韓国・京畿道九里市在住
志田康彦
互いを知り日韓友好を
今年は日韓国交四十周年を記念して、文化やスポーツなどさまざまなイベントが計画されている。それは、タイトルの日韓友情年二〇〇五でわかるように、未来志向で互いの友情や結びつきを高めようというところに目的がある。冬ソナ以来の韓流ブームも手伝い、近くて遠い国と言われていた両国が最も近くなれる最高のチャンスだと、両国の友好を望む多くの人々はそう思ったに違いない。
しかし、三月に入ってにわかに雲行きが怪しくなり、せっかくの日韓友情年は水をさされている。島根県の「竹島の日」条例の制定をめぐり、韓国の世論が急激に悪化しているのだ。これに教科書の改定問題も絡み、ムードはだんだん悪くなってきている。政府間の調整も思わしくなく、しばらくは事態を静観するような雰囲気だ。
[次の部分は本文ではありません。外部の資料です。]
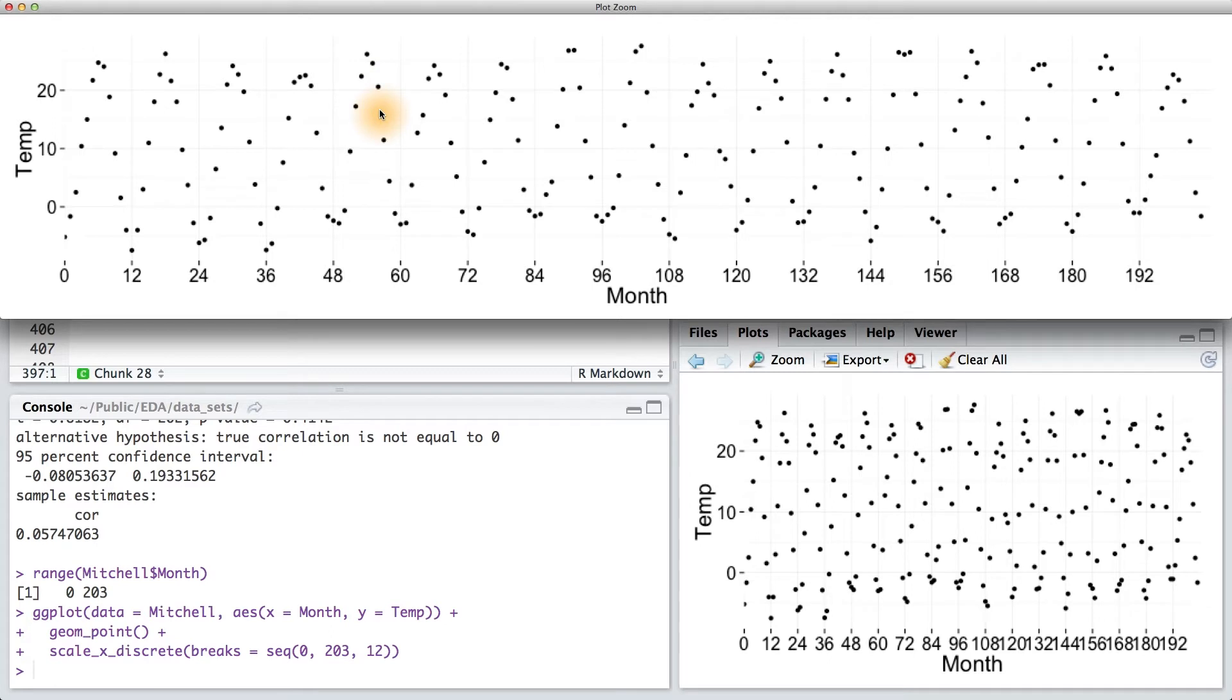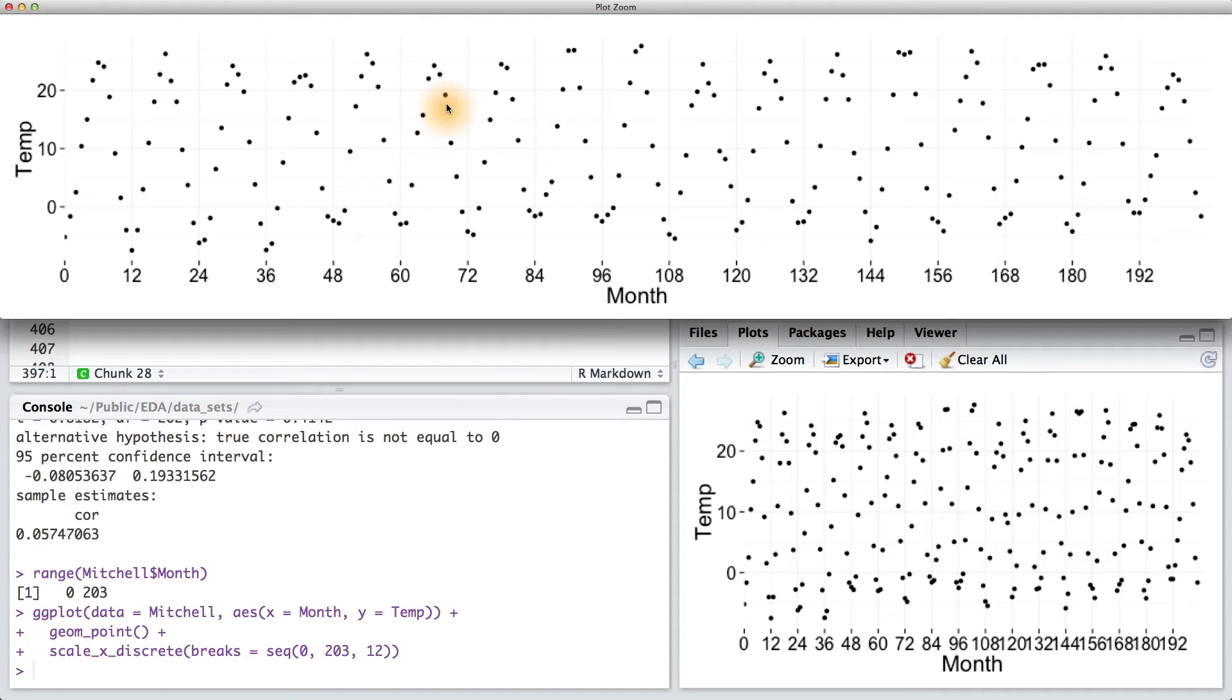There are seasons in Nebraska, so we should see fluctuation in the temperature every 12 months. This is one example of how it's so important to get perspective on your data. You want to make sure you put your data in context.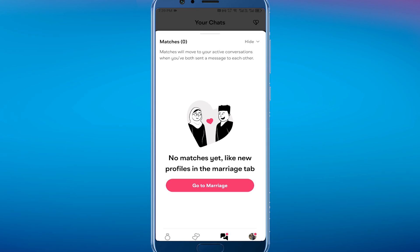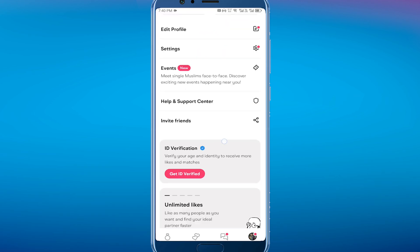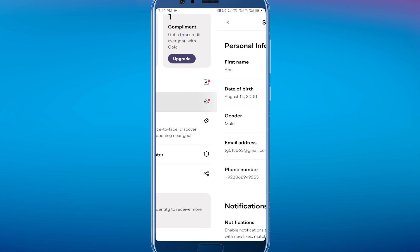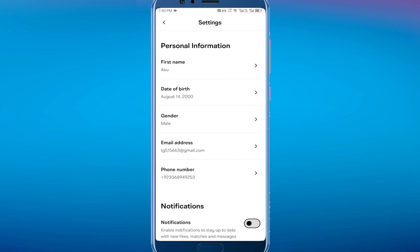Sign into your Muz account. On your screen you can see options like Marriage, Explore, Chat, and Menu. You have to go to Menu and find the Settings option. Tap on it.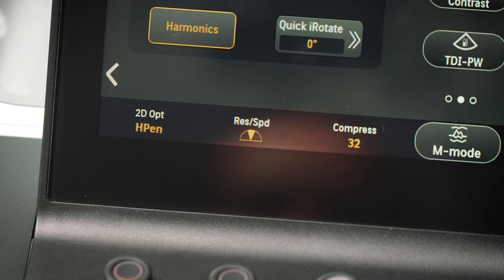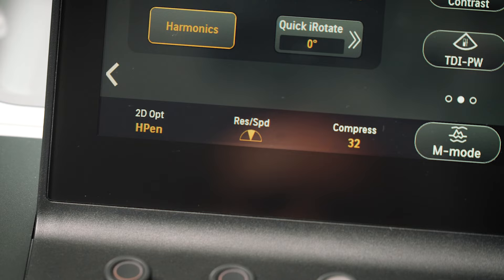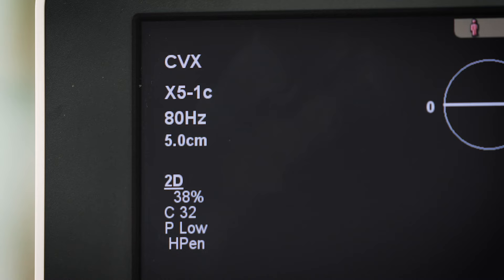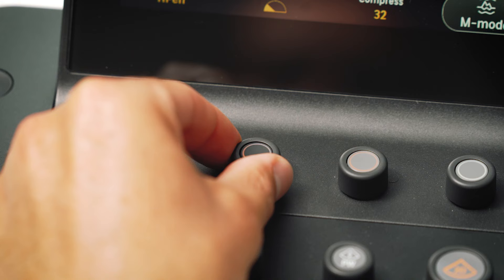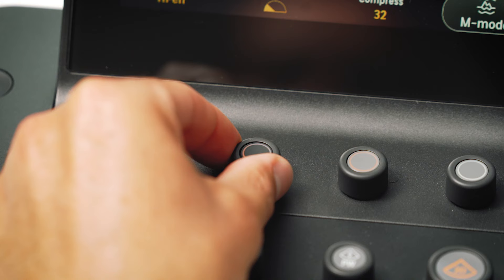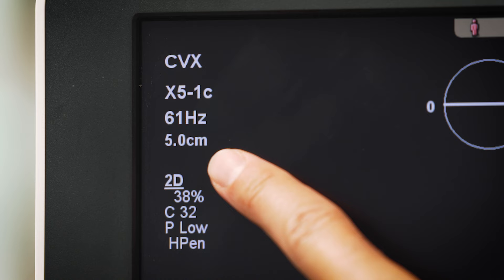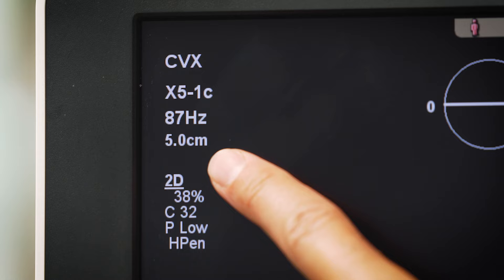The resolution/speed rotary key provides optimization of temporal versus lateral resolution. Moving towards resolution increases the lateral resolution and reduces the frame rate. Rotating the dial towards speed progressively increases the frame rate and lowers the lateral resolution.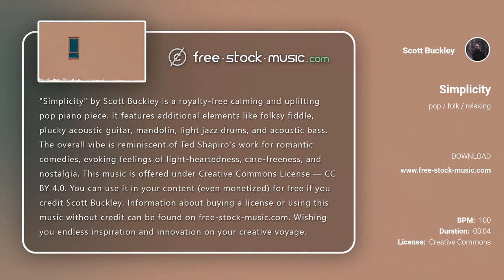You can use it in your content, even monetized, for free if you credit Scott Buckley. Information about buying a license or using this music without credit can be found on free-stock-music.com. Wishing you endless inspiration and innovation on your creative voyage.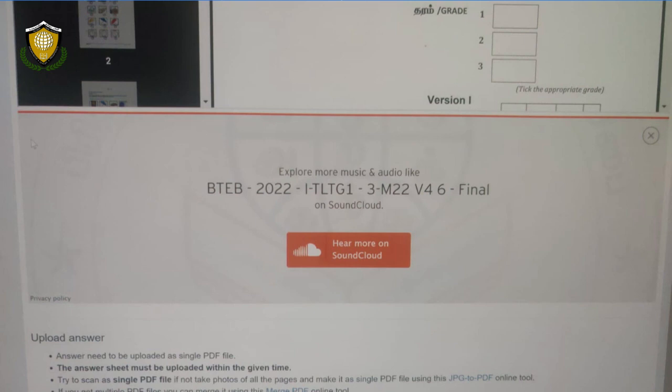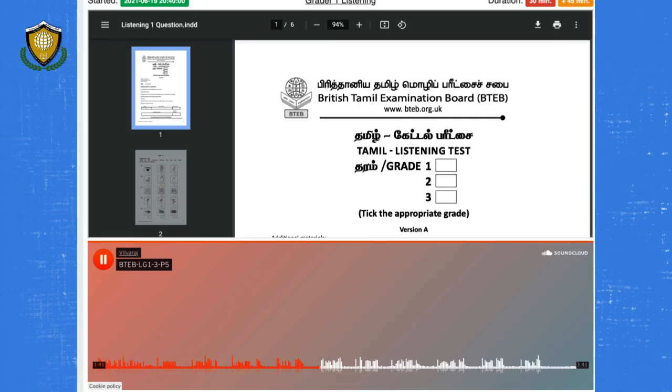When you pause the audio, you may see an advertisement. Do not click on the overlay. Just close the advertisement using this button and continue to listen to your audio.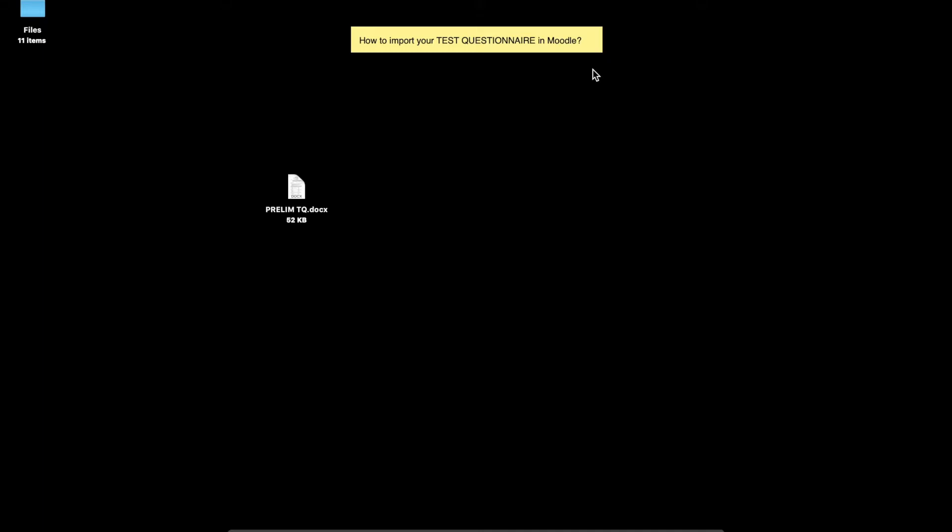Hello everyone! In this video, we will be talking about how to import your test questionnaire in Moodle. This involves the following steps.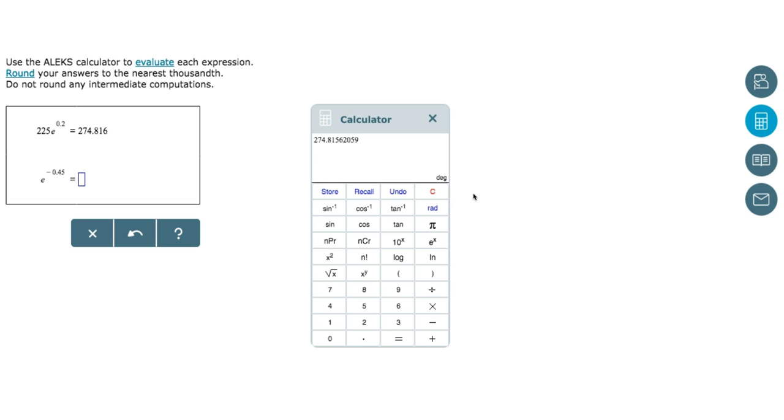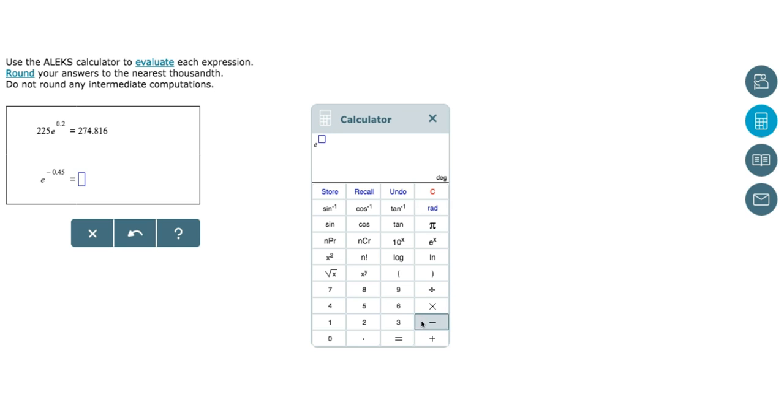We can then clear the calculator using the red C button in order to move on to the second problem. In the next problem, we have E raised to the power of negative 0.45, so we can click on the E raised to the power of X button and put in our exponent of negative 0.45.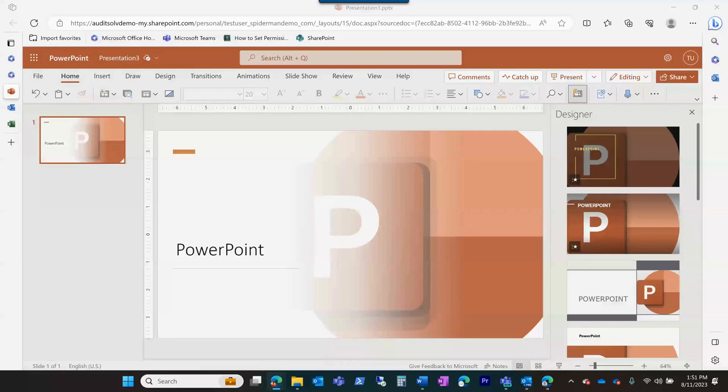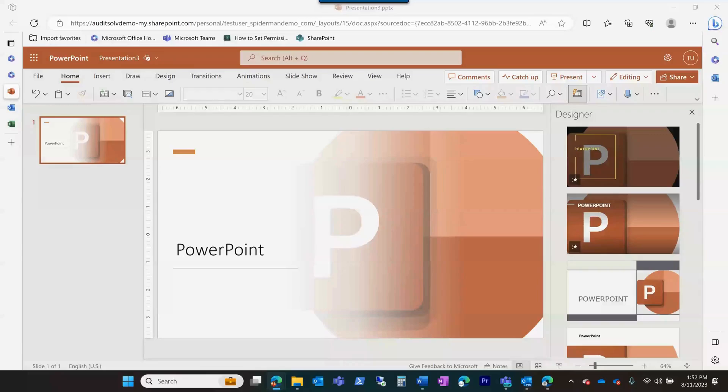Microsoft PowerPoint is a software application that allows users to create visual presentations. It is commonly used in business, education, and other settings where it is necessary to deliver information in a clear and organized manner.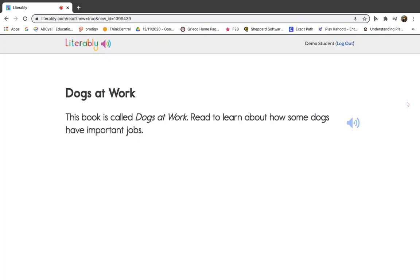This book is called Dogs at Work. Read to learn about how some dogs have important jobs.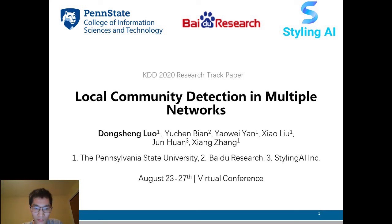Hi, this is Dongsheng from Pennsylvania State University. In this video, we introduce our paper, Local Community Detection in Multiple Networks. This is joint work with Yaowei, Xiao, and Xiang from Pennsylvania State University, Yuchen from Baidu Research, and Jun from Styling AI.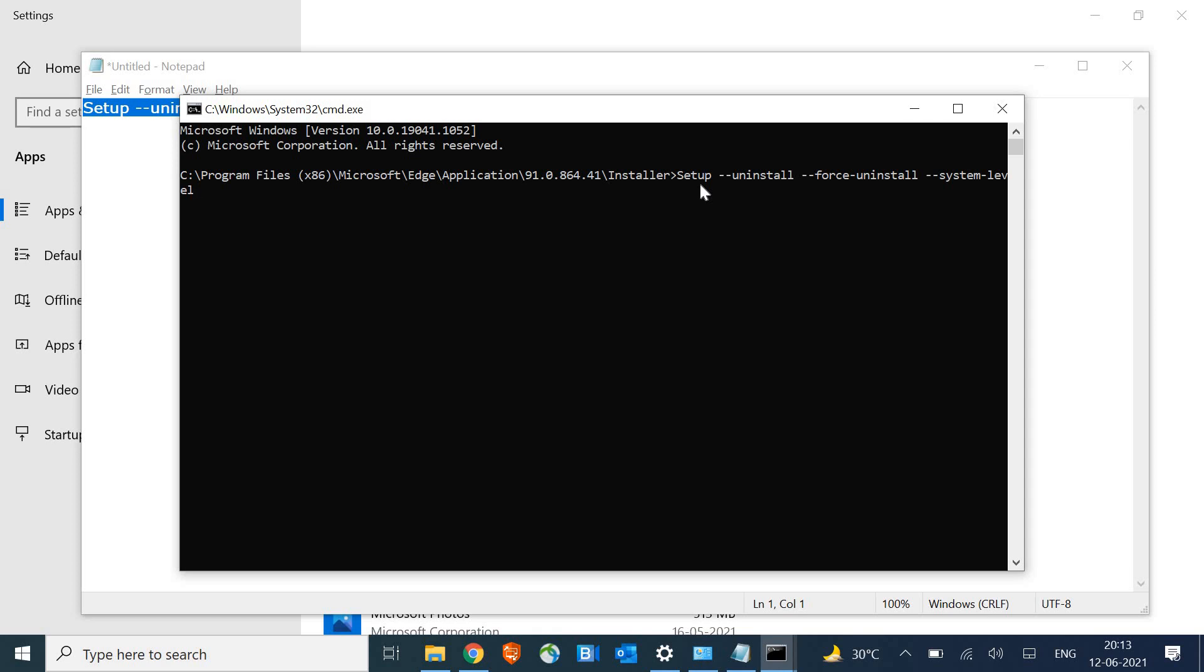The moment you press enter, Microsoft Edge will be wiped out completely from your machine. Just restart your computer to complete the process.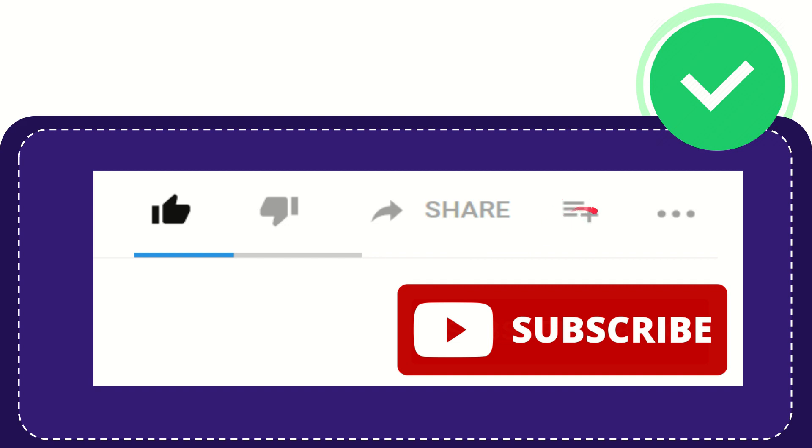And if you want to add this video to your playlist, you can click this one. You can watch this video later, and you can find more options by clicking these three dots.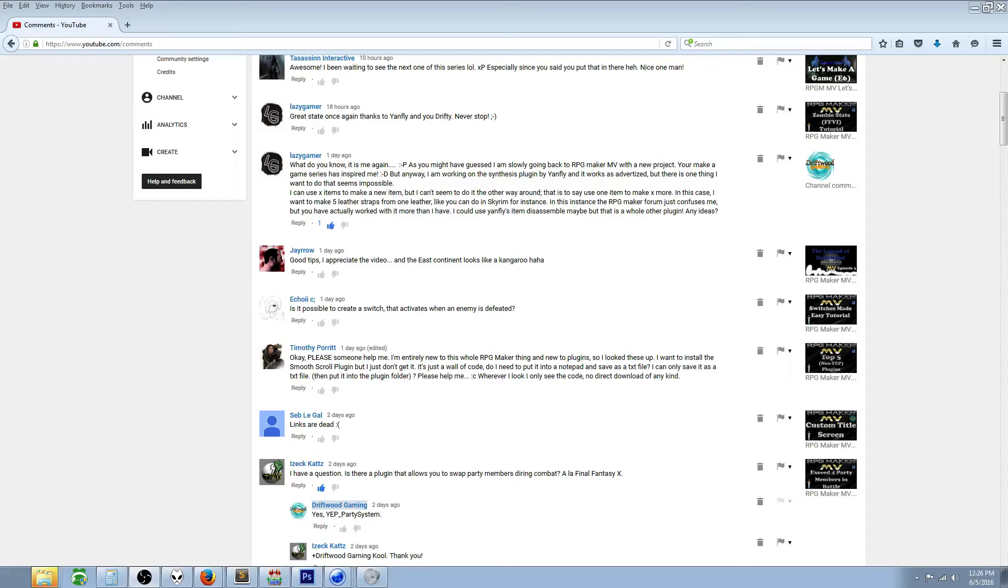What's up everybody, Drifty here from Driftwood. We're going to do a special request RPG Maker MV tutorial for Lazy Gamer. He's just getting back into RPG Maker MV with a new project, which is cool. He says the making a game series has inspired him, but he's looking at Yanfly synthesis plugin.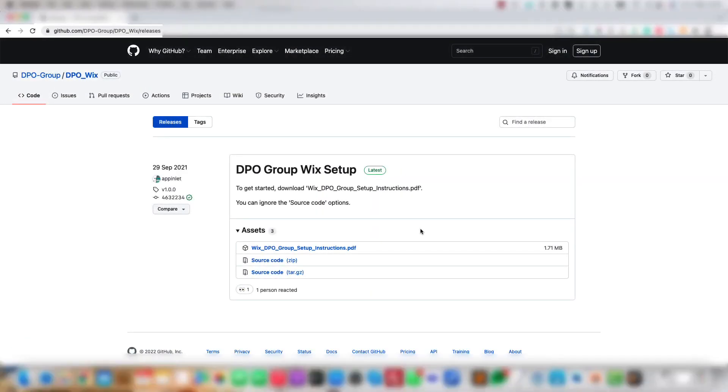Welcome to the DPO Group Wix instruction video. Let's get started.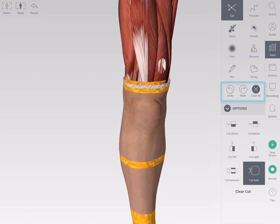Undo or redo cuts using the undo and redo buttons in the tools panel. Clear All will remove all tool operations. To remove only the cuts made on the model, tap Clear Cut.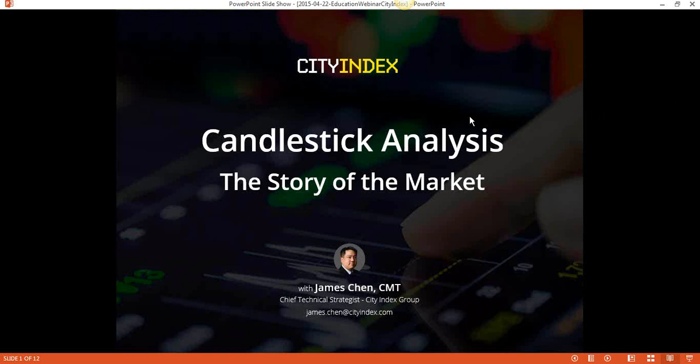Hello, everyone, and welcome to this webinar brought to you by Citi Index. Today we're going to be talking about Candlestick Analysis, or the subtitle, The Story of the Market, and I'll explain that in a minute.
この領土問題は、過去長い間論争されてきたが、今に至っても解決できていない。どちらかが譲歩することは考えられないので、今後も国境撤廃のような離れ業がない限り、この問題は解決しないのではないかと思う。
残念なのは、両国民が互いの歴史や文化、気質などを、よく理解していないため、問題がさらに複雑化していることである。互いを十分に熟知していたら、簡単に解決できる部分もあると思うのだが。まずお互いをよく知ることが、友としての第一歩になるのではないかと思う。